Yüksek Mahkeme yargıçları ayrıca 12-3 oyla, İsrail için bir tür anayasa işlevi gören ve "Temel Yasalar" olarak adlandırılan önemli mevzuat düzenlemelerini iptal etme yetkisine sahip olduklarına karar verdi.
Yasa, İsrail adalet sisteminde yapılması planlanan revizyonun ilk ayağını oluşturuyordu.
Ancak, 7 Ekim'de Hamas ile başlayan savaşın ardından bu revizyon askıya alınmıştı.
Parlamento "her şeye kadir" değil
Bu karar, yasaların ve diğer kilit kararların yasallığı konusunda son sözü yüksek mahkemenin değil ulusal yasama organının söylemesi gerektiğini savunan Netanyahu ve sertlik yanlısı müttefikleri için önemli bir darbe oldu.

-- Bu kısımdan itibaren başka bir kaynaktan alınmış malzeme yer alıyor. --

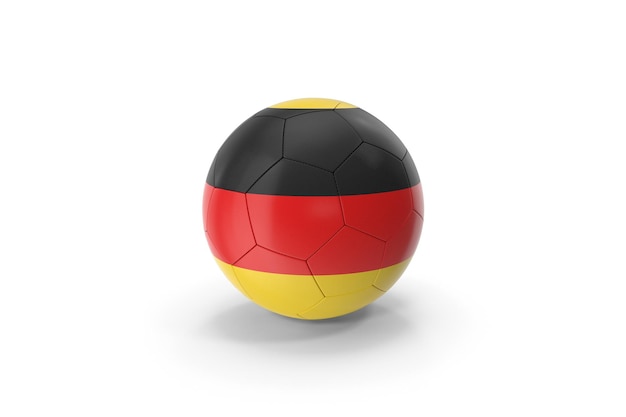 Classic Soccer Ball Germany Flag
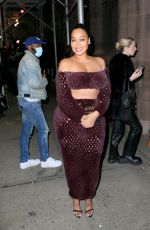 LALA ANTHONY Arrives at LaQuan Smith Fashion Show at NYFW in New York 02/14/2022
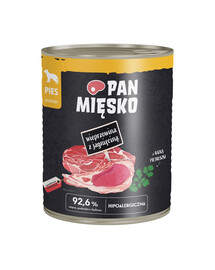 Wieprzowina z jagnięciną mokra karma dla psów 800 g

AFP'ye göre yargıçlar, parlamentonun "sınırsız güce" sahip olmadığını da söyledi.
Netanyahu ve müttefikleri bir yıl önce göreve geldikten kısa bir süre sonra kapsamlı revizyon planlarını açıkladı.
Plan, Yüksek Mahkeme'nin parlamento kararlarını gözden geçirme yetkisinin sınırlandırılmasından yargıçların atanma şeklinin değiştirilmesine kadar yargıçların yetkilerinin kısıtlanmasını öngörüyor.
Netanyahu'nun müttefiki ve düzenlemenin mimarı olan Adalet Bakanı Yariv Levin, mahkemenin "bugünlerde cephedeki askerlerimizin başarısı için gerekli olan birlik ruhunun tam tersini" gösterdiğini söyleyerek kararı eleştirdi.
Kararın hükümetin cesaretini kırmayacağını söyleyen Levin, hükümetin kısa vadede planını yeniden canlandırmaya çalışıp çalışmayacağı konusunda detay vermedi.